Однако постепенно промежутки между холмами заполнялись, образуя длинный песчаный вал, прямой как стрела. В любое время дня насыпь напоминала о себе: в полдень она сверкала так, что резало глаза; ночью чуть светилась, как будто фосфором начертили линию на стене.

Овчаж тоже частенько поглядывал на это чудо, и ему оно казалось нарушением установленных на свете порядков.

— Слыханное ли это дело, — говорил хромой, — насыпать в поле столько песку да еще воду зажать. Вот поднимется Бялка в половодье, нипочем не поместится в той дыре, что ей оставили.

Только теперь Слимак заметил, что концы насыпи обрываются у самой воды по обеим сторонам реки. Но поскольку берега были укреплены каменными устоями, он не видел никакой опасности, по крайней мере для себя.

— Это правильно, — соглашался Овчаж. — По ту сторону вала вода может затопить поля, а нам она ничего не сделает.

Тем не менее мужик призадумался, заметив, что Хаммеры на своем берегу поспешили соорудить насыпи во всех низменных местах, словно опасаясь, что в случае наводнения вода устремится на их поля.

«Умные швабы! — думал мужик. — Не худо бы то же самое сделать и на нашем берегу».

И Слимак размечтался о том, как после сенокоса он отгородит валом свое поле от лугов Хаммера и укрепит плетнем подножие холма, на случай если его подмоет вода. Он даже подумал, что можно бы поставить плетень уже сейчас, когда у него столько досуга, но откладывал со дня на день, и, как всегда, кончилось дело одними намерениями.
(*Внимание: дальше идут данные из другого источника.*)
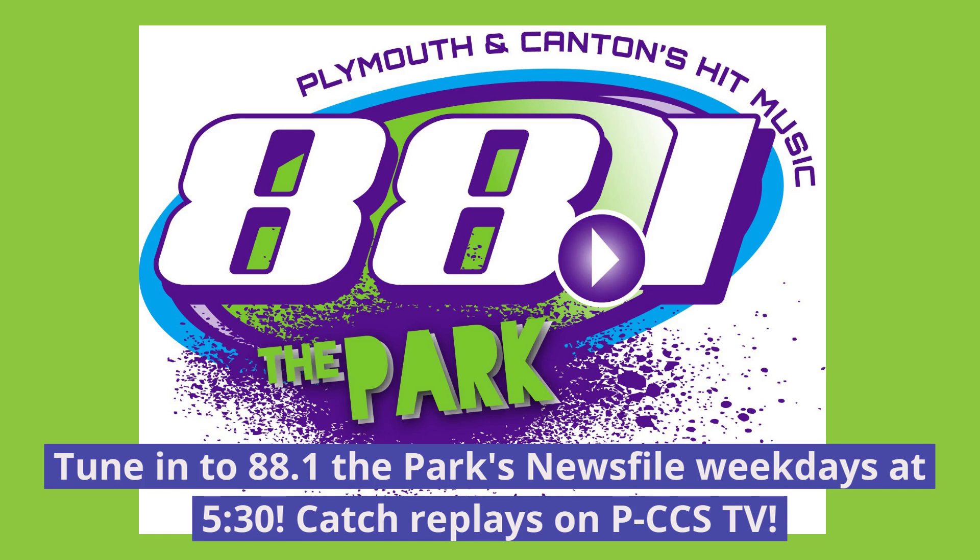On your source for the best local news, 88.1 The Park. For Brodie and Aconch, I'm Alia on NewsFile at 5:30. Stick around — K-Popin' is next, followed by Plymouth and Canton's hit music at 7.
Не мог он предвидеть, как страшно будет за это наказан.

Наступил июль, сенокос окончился, в полях дозревали хлеба, люди готовились к жатве. Слимак собрал сено и перетащил его к себе во двор, чтобы оно получше просохло; тот луг, который он прежде арендовал, немцы уже огородили частоколом. Лето стояло знойное, роились пчелы, засыхали нивы, больше обычного обмелела Бялка, а на железнодорожной насыпи трое рабочих умерло от солнечного удара. Старики опасались, что во время жатвы надолго зарядит дождь, и со дня на день ждали грозы с градом, тем более что кое-где в дальних деревнях град уже выпал.

И гроза разразилась.

В тот день утро было жаркое и душное; птицы запели и сразу умолкли, свиньи не стали есть и, томясь от зноя, попрятались в тени между строениями. Порывами дул ветер, то горячий и сухой, то прохладный и влажный; поминутно меняя направление, он со всех сторон сгонял густые слоистые облака — и те, что стлались вверху и, казалось, уплывали на запад, и те, что тянулись понизу на север.

Около десяти часов большую часть неба к северу от железнодорожной насыпи заволокли тяжелые тучи; они быстро меняли окраску, из серых стали свинцовыми, а кое-где совсем черными. Казалось, где-то наверху загорелась сажа и огромные хлопья ее летают над землей, не находя места, где бы осесть. Порой толщу туч раздирало в клочья, и тогда сквозь щели пробивались полосы неверного света, падавшие на печальные, потемневшие поля. Порой туча опускалась так низко, что в ней тонули верхушки деревьев дальнего леса. Но тут же под нее подкатывал теплый ветер и с такой яростью взметал ее вверх, что от убегающих облаков отрывались лоскуты и повисали над землей рваными лохмотьями.